La enfermedad desfigura el cuerpo, lo incapacita, pero no degrada la grandeza y dignidad del hombre. En el enfermo se nos revela de modo singular el Dios que al encarnarse vivió también la soledad, la agonía y la impotencia ante la muerte. En la agonía de Cristo, Dios estaba asumiendo la debilidad y el sufrimiento de todos los hombres.

Vivir cerca del enfermo, de su cama o de su silla de ruedas es estar como María al pie de la cruz. Ella no desertó ante el horror del sufrimiento, ni dudó de la grandeza de su Hijo; acompañándole con amor y ternura infinita se hacía solidaria del dolor redentor que salva al mundo.

Los cuerpos debilitados y dolientes son también templos de Dios y un día serán cuerpos gloriosos. Con ellos llevarán para siempre las huellas de nuestros cariños y atenciones.

La enfermedad incurable y larga, sobre todo cuando es vivida en soledad, fácilmente hunde al enfermo en la desesperanza. El enfermo, por el contrario, se siente dignificado con nuestro cariño y nuestras atenciones. Su autoestima y su paz interior dependen en gran parte de la experiencia de sentirse querido. 

Es verdad que el acompañamiento de un enfermo incurable desestabiliza nuestros planes, trastorna nuestra vida, agota, crea tensión. Pero ¿por qué no verlo como una llamada a dar lo mejor de nosotros mismos, como una oportunidad para poner aquellos gestos que hacen al mundo más humano, los que más enriquecen y dignifican a la humanidad? En la medida en que morimos un poco para que otros vivan, nosotros mismos renacemos a una vida nueva de amor y de esperanza. Es el dinamismo del misterio pascual.

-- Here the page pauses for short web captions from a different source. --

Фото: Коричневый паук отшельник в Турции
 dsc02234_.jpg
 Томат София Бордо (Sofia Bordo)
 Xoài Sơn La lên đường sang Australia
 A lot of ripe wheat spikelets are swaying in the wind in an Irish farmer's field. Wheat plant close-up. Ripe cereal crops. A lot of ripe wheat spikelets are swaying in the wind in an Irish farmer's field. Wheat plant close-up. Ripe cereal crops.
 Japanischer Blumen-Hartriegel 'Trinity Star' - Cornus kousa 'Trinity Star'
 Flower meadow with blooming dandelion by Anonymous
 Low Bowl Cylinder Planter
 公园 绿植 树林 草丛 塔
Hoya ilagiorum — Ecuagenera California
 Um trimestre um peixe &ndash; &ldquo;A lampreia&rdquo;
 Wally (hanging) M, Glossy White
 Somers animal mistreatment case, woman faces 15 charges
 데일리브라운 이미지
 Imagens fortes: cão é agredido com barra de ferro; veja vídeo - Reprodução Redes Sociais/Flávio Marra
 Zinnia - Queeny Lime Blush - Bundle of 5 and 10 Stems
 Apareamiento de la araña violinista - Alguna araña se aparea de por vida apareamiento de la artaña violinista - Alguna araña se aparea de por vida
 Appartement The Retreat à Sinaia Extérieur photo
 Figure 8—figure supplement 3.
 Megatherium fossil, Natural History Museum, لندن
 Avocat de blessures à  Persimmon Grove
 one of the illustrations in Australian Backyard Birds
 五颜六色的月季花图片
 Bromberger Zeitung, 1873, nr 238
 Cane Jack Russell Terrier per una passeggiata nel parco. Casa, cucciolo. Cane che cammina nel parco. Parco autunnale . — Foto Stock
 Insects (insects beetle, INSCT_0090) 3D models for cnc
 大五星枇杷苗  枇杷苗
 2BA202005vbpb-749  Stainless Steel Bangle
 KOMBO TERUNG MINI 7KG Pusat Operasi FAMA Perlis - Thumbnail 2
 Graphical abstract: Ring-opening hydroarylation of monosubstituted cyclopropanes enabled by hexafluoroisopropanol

Acompañar a un enfermo es entrar en una escuela de piedad y compasión, de realismo y de maduración humana y cristiana. Ellos nos enseñan a relativizar muchas cosas, a trabajar sin esperar recompensa. Vivir la enfermedad de algún familiar o la fase terminal de un anciano desde estas actitudes, testimoniándolas ente los hijos y haciéndoles participes de ellas es, incluso humanamente, una de nuestras mejores inversiones. Todos, en uno u otro momento, caeremos enfermos o llegaremos a la enfermedad incurable de la ancianidad. Generalmente, lo que se siembra es lo que se recoge.

Corresponde a la sociedad y a sus instituciones proporcionar el mejor sistema de cuidados para humanizar la enfermedad, promover ayudas a las familias afectadas, dedicar medios a la investigación. Pero, a la vez, es necesario invertir en la creación de valores que humanizan. El índice de humanidad y la calidad evangélica de una sociedad se manifiestan, en buena parte, en la manera de tratar a sus miembros más desvalidos.

A la vez que manifiesto mi admiración por quienes, en los hospitales o en casa, dedican su vida a cuidar a los enfermos, invito, una vez más, a nuestras parroquias y a los grupos de la pastoral de la salud a renovar e intensificar la atención pastoral a los que sufren, sin olvidar el admirable mensaje que hoy encontramos en la carta de San Pedro: “Estad prontos para dar razón de vuestra esperanza”.